The alignment section requires 11 tab-separated fields, and additional fields are optional. Each line within this section represents the alignment of a segment to the reference. The 11 required sections include information on the query template (read that mapped), the reference sequence name (SN), the position on reference where the query template mapped, the mapping quality, the sequence itself, and the quality score for each position in the base pair. Simplified descriptions of each required field are within the table in the looking at a .SAM file section.
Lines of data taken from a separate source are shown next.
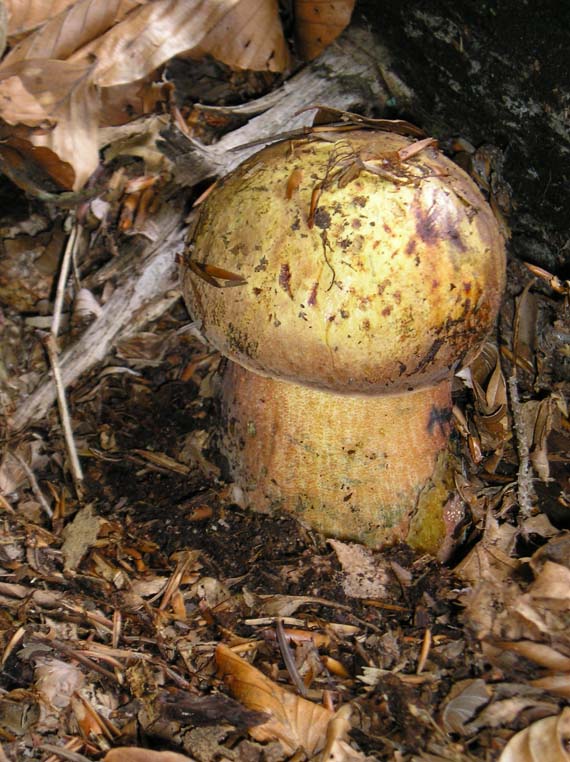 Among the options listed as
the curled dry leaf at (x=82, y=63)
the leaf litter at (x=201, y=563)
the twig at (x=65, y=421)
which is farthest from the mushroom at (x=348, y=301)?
the twig at (x=65, y=421)

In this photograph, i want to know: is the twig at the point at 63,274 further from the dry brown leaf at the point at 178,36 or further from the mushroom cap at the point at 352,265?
the mushroom cap at the point at 352,265

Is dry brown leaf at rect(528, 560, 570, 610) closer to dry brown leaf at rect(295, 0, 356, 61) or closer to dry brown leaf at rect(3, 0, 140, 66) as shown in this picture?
dry brown leaf at rect(295, 0, 356, 61)

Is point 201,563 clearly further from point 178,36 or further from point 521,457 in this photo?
point 178,36

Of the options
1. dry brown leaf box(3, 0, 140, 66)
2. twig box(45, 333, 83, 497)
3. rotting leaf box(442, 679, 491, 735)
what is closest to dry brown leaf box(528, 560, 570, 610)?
rotting leaf box(442, 679, 491, 735)

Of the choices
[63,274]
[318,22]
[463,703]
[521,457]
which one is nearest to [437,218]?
[521,457]

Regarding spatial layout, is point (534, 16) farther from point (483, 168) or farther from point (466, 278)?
point (466, 278)
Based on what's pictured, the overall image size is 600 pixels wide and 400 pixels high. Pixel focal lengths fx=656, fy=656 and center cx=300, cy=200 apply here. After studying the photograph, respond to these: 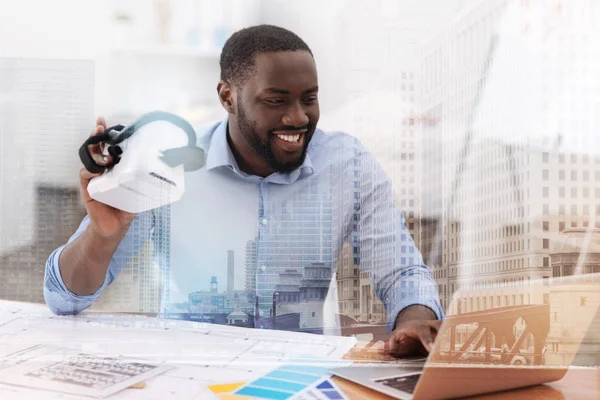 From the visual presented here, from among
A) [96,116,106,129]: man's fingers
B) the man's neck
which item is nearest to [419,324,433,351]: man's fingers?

Let's look at an example SAM file. These files can be very large, but example.sam is an abbreviated file that can be opened in your text editor. If on the command line, you can examine this file using vim example.sam.
note: If you are new to using vim, you can remove text wrap by typing ':set nowrap' followed by enter. You can see line numbers by typing ':set number' followed by enter. You can exit vim without saving by typing ':q!' followed by enter.
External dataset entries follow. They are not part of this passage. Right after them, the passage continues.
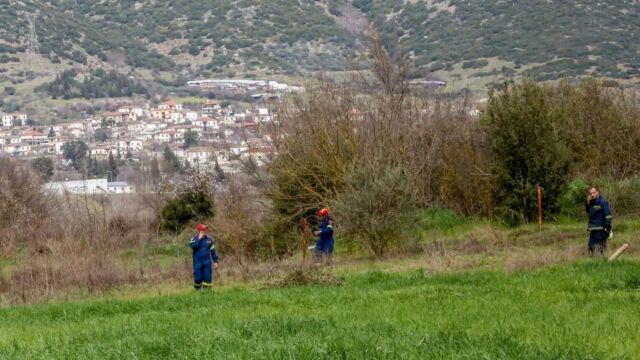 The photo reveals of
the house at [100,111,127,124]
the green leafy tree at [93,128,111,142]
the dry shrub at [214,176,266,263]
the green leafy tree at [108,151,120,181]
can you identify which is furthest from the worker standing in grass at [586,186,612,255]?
the house at [100,111,127,124]

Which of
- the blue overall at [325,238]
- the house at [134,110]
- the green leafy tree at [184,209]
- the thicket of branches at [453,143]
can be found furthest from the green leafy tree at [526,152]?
the house at [134,110]


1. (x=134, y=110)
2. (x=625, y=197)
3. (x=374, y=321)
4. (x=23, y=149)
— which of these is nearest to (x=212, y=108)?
(x=134, y=110)

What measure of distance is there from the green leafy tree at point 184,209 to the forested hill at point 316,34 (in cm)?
4058

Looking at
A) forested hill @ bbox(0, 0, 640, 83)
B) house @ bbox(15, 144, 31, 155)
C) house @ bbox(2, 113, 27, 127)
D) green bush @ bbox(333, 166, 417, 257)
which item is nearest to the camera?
green bush @ bbox(333, 166, 417, 257)

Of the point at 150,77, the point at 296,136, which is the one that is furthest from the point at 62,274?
the point at 150,77

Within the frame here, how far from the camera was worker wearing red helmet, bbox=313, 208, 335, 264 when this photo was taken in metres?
23.9

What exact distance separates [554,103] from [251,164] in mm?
11938

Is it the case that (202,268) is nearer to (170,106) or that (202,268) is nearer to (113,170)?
(113,170)

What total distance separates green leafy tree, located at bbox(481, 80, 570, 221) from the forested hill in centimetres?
4400

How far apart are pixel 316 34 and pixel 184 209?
87382 mm

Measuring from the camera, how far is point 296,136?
31.2m

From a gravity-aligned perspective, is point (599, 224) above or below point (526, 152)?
below

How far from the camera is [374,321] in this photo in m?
11.0

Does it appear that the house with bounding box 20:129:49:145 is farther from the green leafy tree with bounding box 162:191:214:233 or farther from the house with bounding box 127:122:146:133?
the green leafy tree with bounding box 162:191:214:233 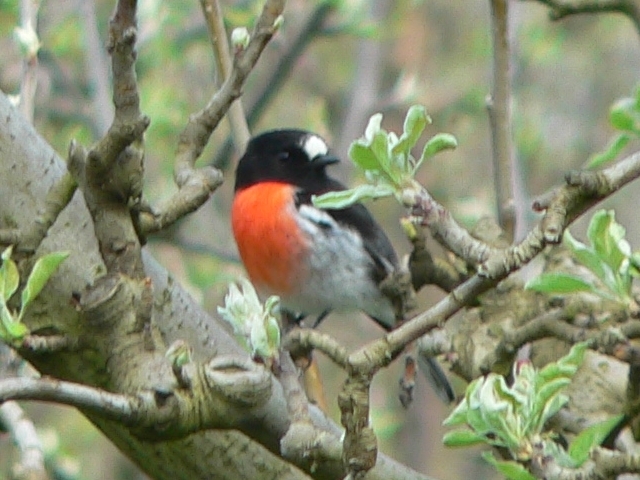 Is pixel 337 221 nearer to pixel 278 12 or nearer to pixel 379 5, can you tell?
pixel 278 12

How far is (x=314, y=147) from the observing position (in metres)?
4.44

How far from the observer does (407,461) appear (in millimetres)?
7578

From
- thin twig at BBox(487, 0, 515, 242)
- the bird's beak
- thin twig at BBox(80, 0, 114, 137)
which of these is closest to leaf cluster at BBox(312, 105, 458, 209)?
thin twig at BBox(487, 0, 515, 242)

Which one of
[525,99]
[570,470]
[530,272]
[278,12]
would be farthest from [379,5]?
[570,470]

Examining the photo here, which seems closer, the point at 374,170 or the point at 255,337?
the point at 374,170

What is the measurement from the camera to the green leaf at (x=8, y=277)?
5.72 feet

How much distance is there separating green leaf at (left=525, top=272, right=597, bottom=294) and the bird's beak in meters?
2.63

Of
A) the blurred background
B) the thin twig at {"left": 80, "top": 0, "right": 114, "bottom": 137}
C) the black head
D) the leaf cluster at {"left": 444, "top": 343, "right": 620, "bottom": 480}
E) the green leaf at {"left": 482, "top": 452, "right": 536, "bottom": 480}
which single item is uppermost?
the leaf cluster at {"left": 444, "top": 343, "right": 620, "bottom": 480}

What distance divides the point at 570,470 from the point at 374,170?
1.74 feet

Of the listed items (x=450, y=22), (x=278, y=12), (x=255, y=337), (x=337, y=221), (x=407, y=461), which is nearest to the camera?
(x=255, y=337)

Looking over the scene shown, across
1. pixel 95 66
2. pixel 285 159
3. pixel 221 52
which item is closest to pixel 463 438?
pixel 221 52

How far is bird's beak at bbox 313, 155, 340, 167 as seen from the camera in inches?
172

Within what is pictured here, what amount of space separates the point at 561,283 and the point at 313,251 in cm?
253

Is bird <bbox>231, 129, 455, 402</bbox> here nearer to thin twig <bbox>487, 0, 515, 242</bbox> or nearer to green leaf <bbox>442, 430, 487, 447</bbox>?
thin twig <bbox>487, 0, 515, 242</bbox> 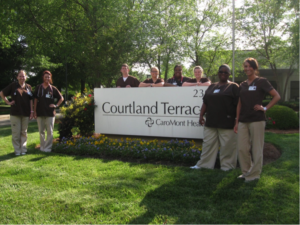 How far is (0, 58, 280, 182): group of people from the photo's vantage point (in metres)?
3.77

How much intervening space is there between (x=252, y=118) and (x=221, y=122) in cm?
76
You'll see that there are many @SQ header lines (one for each of the reference sequences). Each of these has a name and length. At line 366 you'll see the @PG header line for the program details. The remaining lines of the file contain alignment information. From what we learned above, we can parse the first alignment line (line 367) as follows:
| Col | Field | Type | Description | Value |
|---|---|---|---|---|
| 1 | QNAME | string | query template name | D3NH...:4262:2214 |
| 2 | FLAG | int | bitwise flag | 99 |
| 3 | RNAME | string | ref sequence name | NC_045541.1 |
| 4 | POS | int | 1-based leftmost mapping position | 72165682 |
| 5 | MAPQ | ing | mapping quality | 60 |
| 6 | CIGAR | string | CIGAR string | 100M |
| 7 | RNEXT | string | ref name of the mate/next read | = |
| 8 | PNEXT | int | position of the mate/next read | 72165982 |
| 9 | TLEN | int | template length | 399 |
| 10 | SEQ | string | segment sequence | TACTTATGTTCT... |
| 11 | QUAL | string | ASCII score of base quality | @DCC?CCEC>CE... |
Variant call format (VCF) files are text-based genomic files with information on sequence variation. More specifically, it includes sites where multiple characters are present in the samples examined. A VCF file contains a header section and a variant data section. Basic VCF files do not contain information on every position from the FASTQ or reference file, rather they include information on the genomic positions with sequence variation. As you probably gathered, that makes these files smaller than the FASTQ and SAM files (and the less variation, the smaller the file). Here is an abbreviated example of header and alignment lines within a VCF file:
##fileformat=VCFv4.2
##FORMAT=<ID=GT,Number=1,Type=String,Description="Genotype">
##FORMAT=<ID=AD,Number=R,Type=Integer,Description="Allelic depths for the ref and alt alleles in the order listed">
##FORMAT=<ID=DP,Number=1,Type=Integer,Description="Approximate read depth (reads with MQ=255 or with bad mates are filtered)">
##FORMAT=<ID=GQ,Number=1,Type=Integer,Description="Genotype Quality">
##INFO=<ID=AC,Number=A,Type=Integer,Description="Allele count in genotypes, for each ALT allele, in the same order as listed">
##INFO=<ID=AF,Number=A,Type=Float,Description="Allele Frequency, for each ALT allele, in the same order as listed">
##INFO=<ID=DP,Number=1,Type=Integer,Description="Approximate read depth; some reads may have been filtered">
##INFO=<ID=FS,Number=1,Type=Float,Description="Phred-scaled p-value using Fisher's exact test to detect strand bias">
##contig=<ID=NC_045541.1,length=186725308,assembly=reference.fasta>
##reference=file://reference.fasta
#CHROM POS ID REF ALT QUAL FILTER INFO FORMAT Sample01 Sample02 Sample03
NC_045541.1 1206 . A G 138.21 . AC=2;AF=0.25;DP=6;FS=0.000 GT:AD:DP:GQ 0/0:6,0:6:42 ./.:0,0:0:0 1/0:5,7:12:71
The header section precedes the variant data section, and each heading begins with '##' symbols (notice there are two hash marks). Information about the variant dataset, the reference sequence, and the program used to generate the VCF are contained within the header.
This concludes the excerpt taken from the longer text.